Key reforms outlined in the Kenya Roads Board (Amendment) Bill 2019 is setting the limit
of the money allocated to rural roads at 10 percent of the funds appropriated by Parliament
annually. Further, the new law caps administrative expenditure on rural roads such as
research, standardization, capacity building, monitoring and evaluation to 18 percent of the
total allocation.

The act also empowers the Kenya Roads Board to borrow and to set aside funds for
repayment of loans and other facilities taken for purposes of road maintenance,
development and rehabilitation.

This year’s allocation will see road maintenance works programmes for the National and
Rural Road Network partially affected. The Kenya National Highways Authority (KeNHA)
and the Kenya Rural Roads Authority (KeRRA) are the most affected with each entity
losing at least Kes. 2 Billion compared with the financial year 2018/2019 allocations.

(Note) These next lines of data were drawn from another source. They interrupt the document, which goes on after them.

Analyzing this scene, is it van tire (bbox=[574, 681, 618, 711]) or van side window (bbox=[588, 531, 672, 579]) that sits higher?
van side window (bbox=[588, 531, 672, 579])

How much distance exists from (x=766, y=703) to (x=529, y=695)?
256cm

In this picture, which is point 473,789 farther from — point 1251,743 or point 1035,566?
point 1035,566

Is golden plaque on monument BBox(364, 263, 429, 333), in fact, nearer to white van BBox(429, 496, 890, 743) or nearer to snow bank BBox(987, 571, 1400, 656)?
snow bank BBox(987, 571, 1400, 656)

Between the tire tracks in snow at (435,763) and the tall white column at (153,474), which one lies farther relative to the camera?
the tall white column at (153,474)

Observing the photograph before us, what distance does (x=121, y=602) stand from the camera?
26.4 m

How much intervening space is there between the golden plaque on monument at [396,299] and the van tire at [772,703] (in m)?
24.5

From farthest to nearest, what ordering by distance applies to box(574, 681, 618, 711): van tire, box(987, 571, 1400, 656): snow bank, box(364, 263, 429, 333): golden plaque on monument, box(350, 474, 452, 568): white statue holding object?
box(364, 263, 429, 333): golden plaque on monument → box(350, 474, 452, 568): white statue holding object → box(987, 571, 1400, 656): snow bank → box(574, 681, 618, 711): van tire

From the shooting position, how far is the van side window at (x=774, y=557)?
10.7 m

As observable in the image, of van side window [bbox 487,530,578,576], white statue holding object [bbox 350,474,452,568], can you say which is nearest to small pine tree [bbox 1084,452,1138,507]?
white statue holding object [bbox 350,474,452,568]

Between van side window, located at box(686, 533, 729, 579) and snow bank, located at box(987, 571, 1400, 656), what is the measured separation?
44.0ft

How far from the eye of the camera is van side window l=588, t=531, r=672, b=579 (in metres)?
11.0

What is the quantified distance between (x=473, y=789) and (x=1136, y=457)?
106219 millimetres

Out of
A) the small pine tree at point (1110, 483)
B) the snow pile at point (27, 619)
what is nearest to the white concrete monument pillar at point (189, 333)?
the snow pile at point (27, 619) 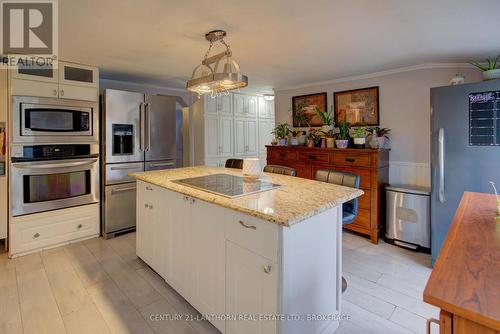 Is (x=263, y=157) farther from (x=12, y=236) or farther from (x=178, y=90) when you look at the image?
(x=12, y=236)

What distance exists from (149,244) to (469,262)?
7.82 ft

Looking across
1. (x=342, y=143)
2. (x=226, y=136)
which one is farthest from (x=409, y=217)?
(x=226, y=136)

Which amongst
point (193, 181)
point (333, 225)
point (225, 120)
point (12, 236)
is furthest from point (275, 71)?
point (12, 236)

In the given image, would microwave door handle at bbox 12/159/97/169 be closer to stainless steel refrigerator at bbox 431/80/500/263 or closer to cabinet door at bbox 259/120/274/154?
cabinet door at bbox 259/120/274/154

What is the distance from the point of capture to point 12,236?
283 cm

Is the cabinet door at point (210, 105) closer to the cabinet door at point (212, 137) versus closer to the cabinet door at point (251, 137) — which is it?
the cabinet door at point (212, 137)

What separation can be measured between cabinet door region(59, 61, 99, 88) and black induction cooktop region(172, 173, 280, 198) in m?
2.04

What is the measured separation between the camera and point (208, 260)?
178 cm

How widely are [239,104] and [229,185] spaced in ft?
10.7

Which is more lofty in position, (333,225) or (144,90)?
(144,90)

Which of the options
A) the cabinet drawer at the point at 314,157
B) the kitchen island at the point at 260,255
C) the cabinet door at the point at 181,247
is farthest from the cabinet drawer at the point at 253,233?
the cabinet drawer at the point at 314,157

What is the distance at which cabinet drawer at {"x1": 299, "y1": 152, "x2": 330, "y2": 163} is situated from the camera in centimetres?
371

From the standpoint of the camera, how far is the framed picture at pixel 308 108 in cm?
429

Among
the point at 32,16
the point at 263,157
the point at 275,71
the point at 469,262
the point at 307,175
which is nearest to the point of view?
the point at 469,262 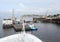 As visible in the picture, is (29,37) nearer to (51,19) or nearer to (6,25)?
(6,25)

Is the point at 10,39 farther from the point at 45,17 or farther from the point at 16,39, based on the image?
the point at 45,17

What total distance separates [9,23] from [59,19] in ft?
105

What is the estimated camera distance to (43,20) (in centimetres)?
7288

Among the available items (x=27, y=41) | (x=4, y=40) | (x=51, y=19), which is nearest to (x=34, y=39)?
(x=27, y=41)

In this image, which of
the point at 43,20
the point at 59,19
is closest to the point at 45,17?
the point at 43,20

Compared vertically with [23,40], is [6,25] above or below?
below

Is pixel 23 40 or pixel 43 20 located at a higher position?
pixel 23 40

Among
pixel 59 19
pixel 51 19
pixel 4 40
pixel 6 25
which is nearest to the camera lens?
pixel 4 40

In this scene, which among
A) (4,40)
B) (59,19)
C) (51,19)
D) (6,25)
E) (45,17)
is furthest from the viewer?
(45,17)

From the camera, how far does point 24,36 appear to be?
11.4 feet

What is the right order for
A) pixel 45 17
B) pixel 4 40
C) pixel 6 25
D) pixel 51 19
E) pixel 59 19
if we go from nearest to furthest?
pixel 4 40 < pixel 6 25 < pixel 59 19 < pixel 51 19 < pixel 45 17

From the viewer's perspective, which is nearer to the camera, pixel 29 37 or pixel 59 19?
pixel 29 37

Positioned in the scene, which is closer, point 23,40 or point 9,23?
point 23,40

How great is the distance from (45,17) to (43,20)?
5.82ft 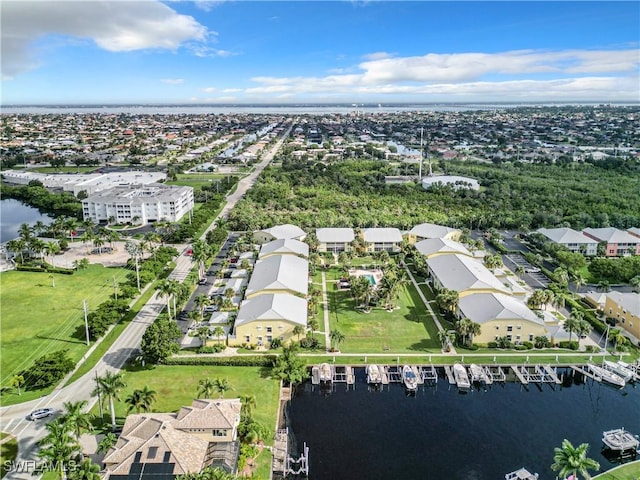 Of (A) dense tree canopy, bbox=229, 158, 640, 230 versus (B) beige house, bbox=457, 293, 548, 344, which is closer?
(B) beige house, bbox=457, 293, 548, 344

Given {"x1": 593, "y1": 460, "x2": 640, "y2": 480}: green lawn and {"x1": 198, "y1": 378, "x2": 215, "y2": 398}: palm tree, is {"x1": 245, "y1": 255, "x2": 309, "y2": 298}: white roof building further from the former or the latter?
{"x1": 593, "y1": 460, "x2": 640, "y2": 480}: green lawn

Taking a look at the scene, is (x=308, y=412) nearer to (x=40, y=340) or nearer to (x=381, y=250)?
(x=40, y=340)

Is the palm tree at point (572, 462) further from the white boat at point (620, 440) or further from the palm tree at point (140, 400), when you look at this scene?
the palm tree at point (140, 400)

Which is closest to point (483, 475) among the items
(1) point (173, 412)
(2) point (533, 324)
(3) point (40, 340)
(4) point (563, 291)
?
(2) point (533, 324)

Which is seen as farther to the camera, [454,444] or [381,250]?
[381,250]

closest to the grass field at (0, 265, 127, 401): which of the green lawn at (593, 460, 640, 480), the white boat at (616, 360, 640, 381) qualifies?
the green lawn at (593, 460, 640, 480)

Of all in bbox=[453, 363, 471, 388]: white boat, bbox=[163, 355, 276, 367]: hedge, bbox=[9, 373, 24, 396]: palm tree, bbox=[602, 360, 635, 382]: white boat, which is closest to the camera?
bbox=[9, 373, 24, 396]: palm tree

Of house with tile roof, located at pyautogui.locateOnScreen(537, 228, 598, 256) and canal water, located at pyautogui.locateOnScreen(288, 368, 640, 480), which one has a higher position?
house with tile roof, located at pyautogui.locateOnScreen(537, 228, 598, 256)

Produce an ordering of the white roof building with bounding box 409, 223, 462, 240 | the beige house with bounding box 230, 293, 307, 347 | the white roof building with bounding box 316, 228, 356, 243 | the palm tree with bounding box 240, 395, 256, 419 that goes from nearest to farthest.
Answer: the palm tree with bounding box 240, 395, 256, 419 → the beige house with bounding box 230, 293, 307, 347 → the white roof building with bounding box 316, 228, 356, 243 → the white roof building with bounding box 409, 223, 462, 240
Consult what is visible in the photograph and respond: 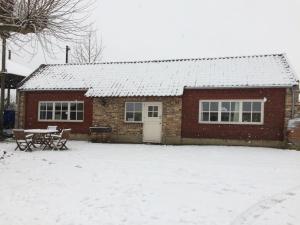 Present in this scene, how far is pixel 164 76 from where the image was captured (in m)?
19.5

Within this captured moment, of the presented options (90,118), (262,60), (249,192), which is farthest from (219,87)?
(249,192)

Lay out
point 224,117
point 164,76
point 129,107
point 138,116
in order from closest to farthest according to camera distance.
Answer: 1. point 224,117
2. point 138,116
3. point 129,107
4. point 164,76

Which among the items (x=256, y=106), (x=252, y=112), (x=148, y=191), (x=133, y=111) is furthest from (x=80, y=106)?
(x=148, y=191)

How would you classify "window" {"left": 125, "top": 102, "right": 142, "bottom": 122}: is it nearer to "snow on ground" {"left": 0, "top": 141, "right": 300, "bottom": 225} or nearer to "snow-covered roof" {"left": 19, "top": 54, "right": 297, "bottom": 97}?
"snow-covered roof" {"left": 19, "top": 54, "right": 297, "bottom": 97}

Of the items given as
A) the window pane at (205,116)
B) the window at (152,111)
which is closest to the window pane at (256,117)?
the window pane at (205,116)

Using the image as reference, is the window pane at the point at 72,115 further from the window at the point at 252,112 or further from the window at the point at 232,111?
the window at the point at 252,112

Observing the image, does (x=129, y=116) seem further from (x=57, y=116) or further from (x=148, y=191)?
(x=148, y=191)

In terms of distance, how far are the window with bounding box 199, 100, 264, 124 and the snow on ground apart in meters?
4.77

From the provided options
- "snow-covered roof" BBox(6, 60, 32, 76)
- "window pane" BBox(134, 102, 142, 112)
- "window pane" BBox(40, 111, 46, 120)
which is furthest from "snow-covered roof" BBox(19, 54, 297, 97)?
"window pane" BBox(40, 111, 46, 120)

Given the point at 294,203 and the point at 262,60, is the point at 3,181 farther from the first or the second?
the point at 262,60

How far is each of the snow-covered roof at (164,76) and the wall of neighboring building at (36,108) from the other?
1.53 feet

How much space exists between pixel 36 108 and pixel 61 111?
170 centimetres

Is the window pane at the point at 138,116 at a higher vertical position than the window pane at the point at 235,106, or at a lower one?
lower

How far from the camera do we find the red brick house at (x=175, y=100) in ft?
54.5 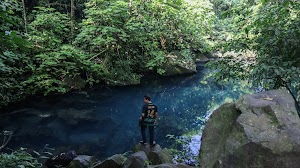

Kenya Urban Roads Authority (KURA) shall receive Kes. 3,058,404,255 Billion compared
to Kes. 3,407,702,510 Billion during the 2018/2019 financial year. County Government’s
shall receive Kes. 4,492,031,250 Billion compared to Kes. 4,134,500,000 Billion. Kenya
Wildlife Services and the Ministry of Transport and Infrastructure will receive Kes.
227,950,699 and Kes. 4,848,759,322 respectively.

The economic pillar identifies six key sectors that have the highest potential for economic
growth, including tourism, agriculture, manufacturing, wholesale and retail trade, business
process off-shoring and financial services. Infrastructural development stands out as the
main bridge for full exploitation of the growth potential from these sectors. The road
network is a key element of infrastructural development, representing a significant portion
of the Government’s investments in fixed assets.

Road transport is the most widely used means of transportation for people and freight in
the Sub-Saharan Africa. In Kenya, road transport accounts for over 80% of land freight
and passenger traffic and hence the need to have all road networks in a motorable state.